Мы поспешили к самолету. От машины тянуло, как от печки. Обливаясь потом, проверили крепление грузов, прикинули центровку. С нами летело двое офицеров штаба.

Вскоре, волоча за собой клубы пыли, подкатила «санитарка». Из кабины выскочила наша новая знакомая с [73] едва просохшими от слез глазами, за ней улыбающийся Лубинец с корзинкой, полной крупных румяных яблок.

— Угощайтесь! Калым!

Корзинка мигом опустела.

— По местам!

Запустив моторы, выруливаю в самый конец аэродрома, чтобы хватило запаса полосы. После удлиненного разбега самолет нехотя отрывается от земли. Делаю круг, беру курс на Адлер.

— Прощай, Белореченская! — с невольным тяжелым вздохом восклицает Лубинец.

Панов недовольно поправляет товарища:

— Не прощай, Алешка, а до свидания!

В самолете наступила долгая пауза. Под крылом тянулись холмы, постепенно переходящие в горы. Над Туапсе развернулись, полетели вдоль побережья. Над зеленью парков, над светлыми зданиями санаториев, домов отдыха. Теперь здесь госпитали. Вместо беззаботного говора, шуток, смеха стоны раненых, сигналы воздушных тревог…

Лазаревская, Сочи, Хоста, Адлер. Вот и наш небольшой аэродром. Делаю круг, знакомлюсь с подходами. Летное поле в долине, окруженной холмами, только со стороны моря можно подойти со снижением. Однако посадочный знак из белых полотнищ выложен по короткому старту. Значит, заход — со стороны солнца. Что ж, на Дальнем Востоке нам то и дело приходилось садиться на ограниченные площадки. Искусство заключается в том, чтобы прижаться к сопкам, скользить по их склонам, не увеличивая скорости. Захожу на посадку и вижу: самолет, коснувшийся земли за минуту передо мной, выкатился за кромку взлетной полосы, осел в овраг и стал на нос, высоко задрав хвост. Да, первое время многим придется трудно. Заруливаю к кукурузному полю, выключаю моторы. Наша пассажирка счастливо улыбается, благодарит. Она отправляется в Гагры к своим родственникам, приглашает нас в гости.

— Спасибо! — обещает за всех Лубинец. — Вот с фрицами малость разберемся, нагрянем всем экипажем!

Начали разгрузку. Подъехал Ефремов.

— Как с топливом?

— На четыре часа полета.

— Отлично! Быстрей разгружайтесь и по кабинам. Я за пилота, ты садись к стрелкам. Летим обратно в Белореченскую. [74] Там остался И-5. Его перегоню сюда, а вы возьмете запчасти с техбазы.

— А зачем нам это старье, И-5, товарищ майор?

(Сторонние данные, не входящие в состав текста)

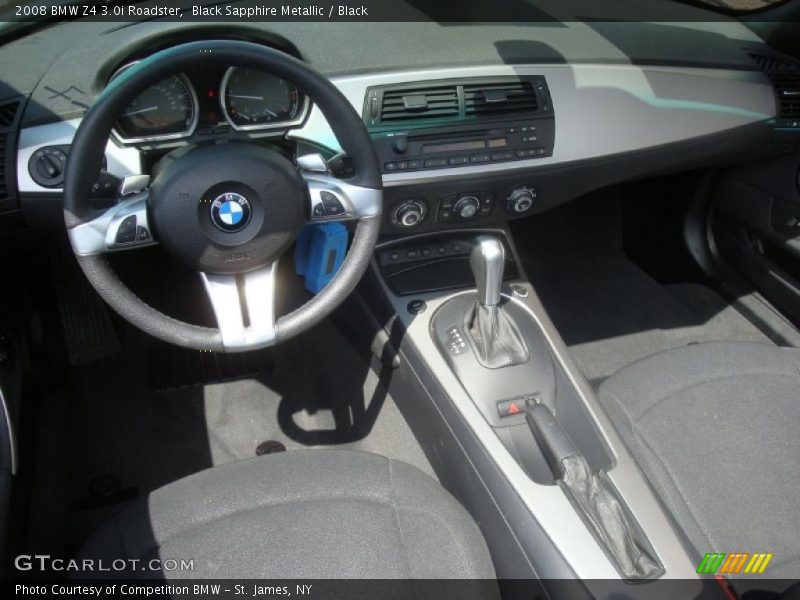 Black Sapphire Metallic / Black 2008 BMW Z4 3.0i Roadster
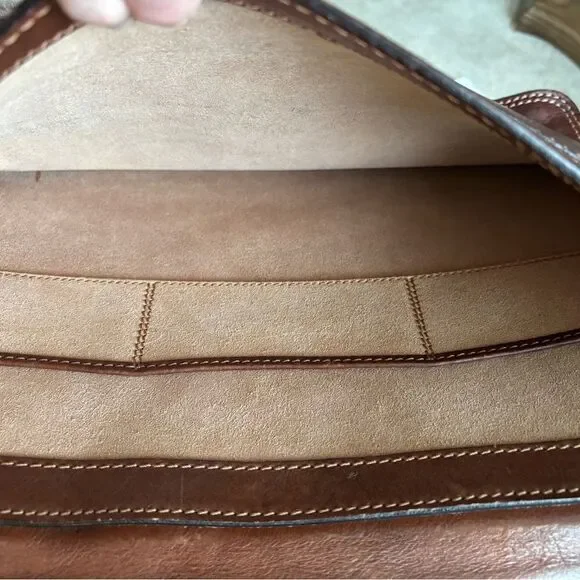 THE BRIDGE Men’s Vintage Leather Briefcase Document Bag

— Пригодится. Пулеметы на нем стоят? Значит, будем на штурмовку ходить. Все, что может стрелять, должно сейчас стрелять по фашистам!

Залезая в кабину, обернулся, с досадой кивнул на хвост, торчащий из оврага.

— Видал, куда Пашуна занесло? Опытный летчик, был в Одессе и Севастополе…

— Знакомое дело.

— Не надо планировать на повышенной скорости…

Кроме машин нашего полка, на аэродроме находилось еще десятка три самолетов различных типов.

— Чьи это?

— Воздушной армии. Полки разные. Со всей Кубани слетелись…

Белореченский аэродром был непривычно пуст. Тишина. На том месте, где стоял И-5, - черное пятно. Истребитель поторопились сжечь, чтобы не достался врагу. Подвезли запчасти. Быстро загрузившись, мы вернулись в Адлер.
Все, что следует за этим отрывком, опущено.